Assignment - Entries follow. Give back exactly the lines starting at the one containing "hombre casual con mano en gafas de sol" and ending at the one containing "England's forward #09", and no other lines.

Listed records -

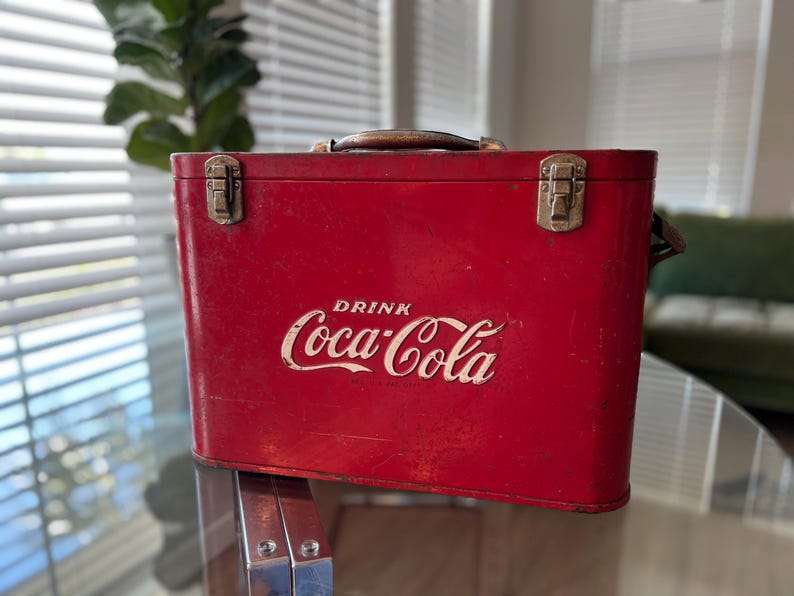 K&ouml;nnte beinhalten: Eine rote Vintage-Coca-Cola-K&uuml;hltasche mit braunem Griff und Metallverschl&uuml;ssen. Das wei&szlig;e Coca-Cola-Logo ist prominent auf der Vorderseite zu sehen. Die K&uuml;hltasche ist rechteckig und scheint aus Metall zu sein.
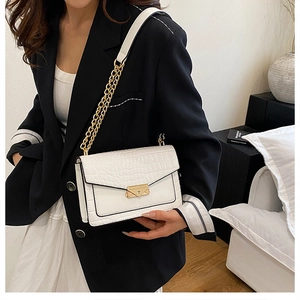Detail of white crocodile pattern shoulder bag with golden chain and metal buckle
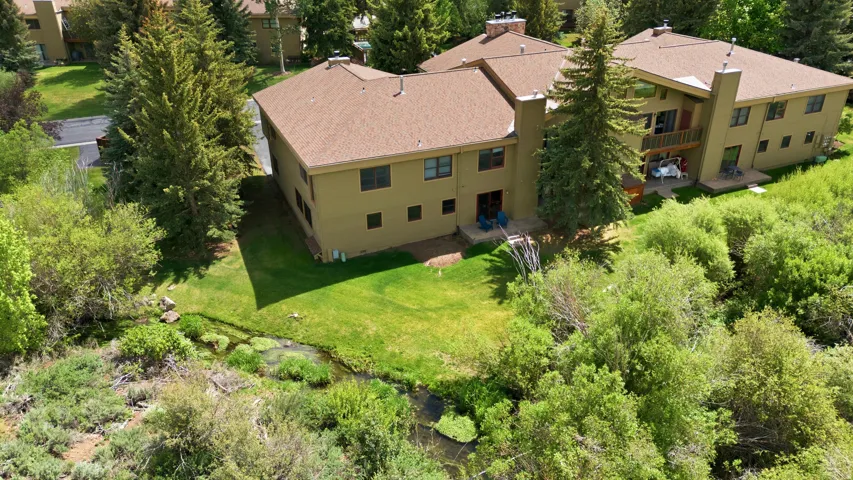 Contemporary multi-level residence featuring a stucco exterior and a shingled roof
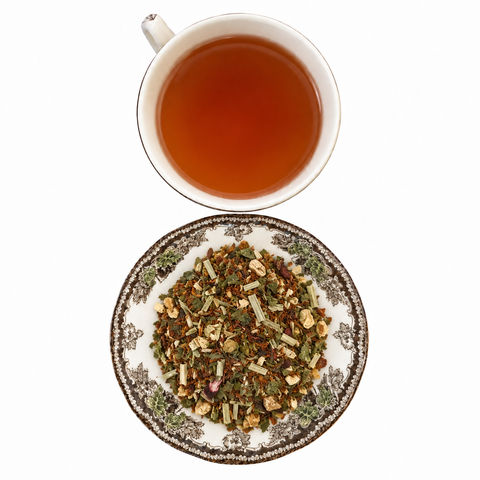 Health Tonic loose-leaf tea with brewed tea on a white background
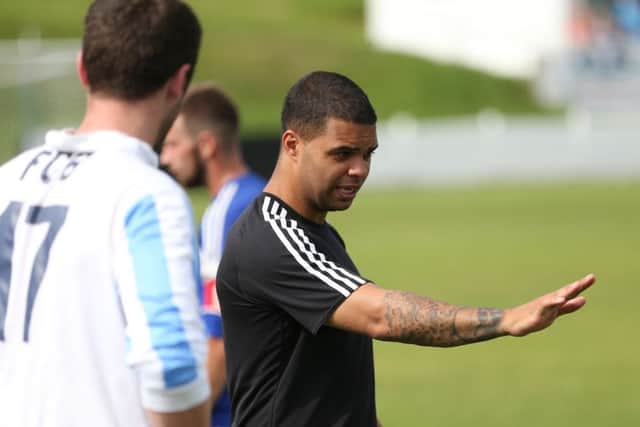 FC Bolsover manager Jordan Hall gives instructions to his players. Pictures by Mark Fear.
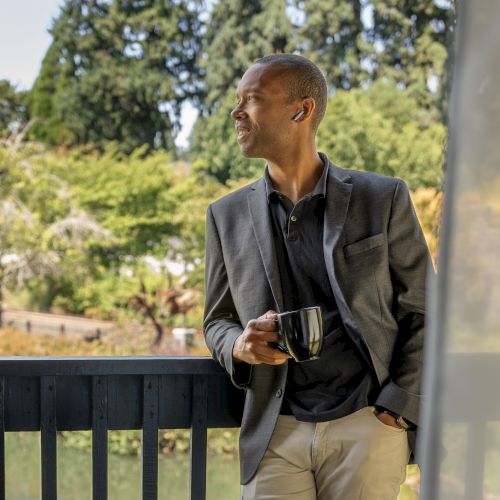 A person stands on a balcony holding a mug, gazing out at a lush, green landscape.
==
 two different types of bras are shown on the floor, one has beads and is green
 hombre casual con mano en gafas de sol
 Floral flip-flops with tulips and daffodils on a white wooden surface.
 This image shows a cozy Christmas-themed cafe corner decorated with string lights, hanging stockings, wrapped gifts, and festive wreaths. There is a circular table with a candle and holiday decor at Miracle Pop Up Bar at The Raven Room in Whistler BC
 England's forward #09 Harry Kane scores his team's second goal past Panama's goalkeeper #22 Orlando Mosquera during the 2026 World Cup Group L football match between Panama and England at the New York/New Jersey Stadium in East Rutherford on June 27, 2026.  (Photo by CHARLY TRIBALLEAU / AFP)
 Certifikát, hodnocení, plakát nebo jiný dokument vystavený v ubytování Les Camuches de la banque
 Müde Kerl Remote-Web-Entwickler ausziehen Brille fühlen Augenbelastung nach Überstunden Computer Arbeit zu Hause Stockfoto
---
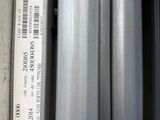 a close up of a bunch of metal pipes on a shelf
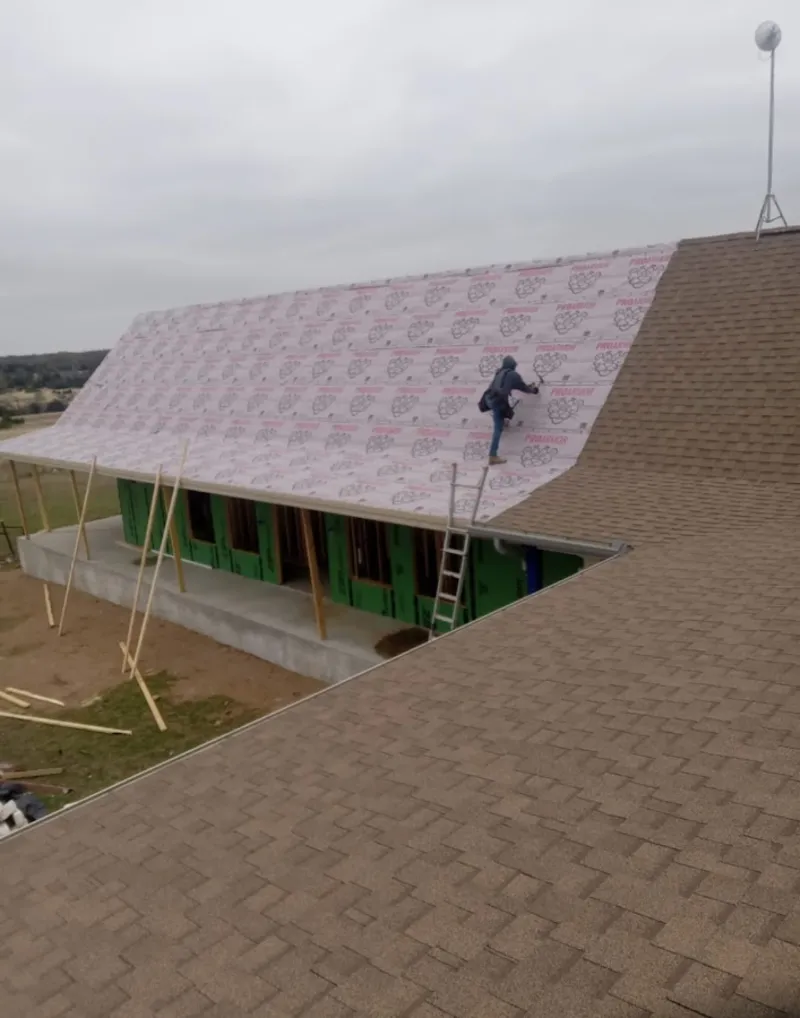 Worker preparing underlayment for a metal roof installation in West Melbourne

Reply -
 hombre casual con mano en gafas de sol
 Floral flip-flops with tulips and daffodils on a white wooden surface.
 This image shows a cozy Christmas-themed cafe corner decorated with string lights, hanging stockings, wrapped gifts, and festive wreaths. There is a circular table with a candle and holiday decor at Miracle Pop Up Bar at The Raven Room in Whistler BC
 England's forward #09 Harry Kane scores his team's second goal past Panama's goalkeeper #22 Orlando Mosquera during the 2026 World Cup Group L football match between Panama and England at the New York/New Jersey Stadium in East Rutherford on June 27, 2026.  (Photo by CHARLY TRIBALLEAU / AFP)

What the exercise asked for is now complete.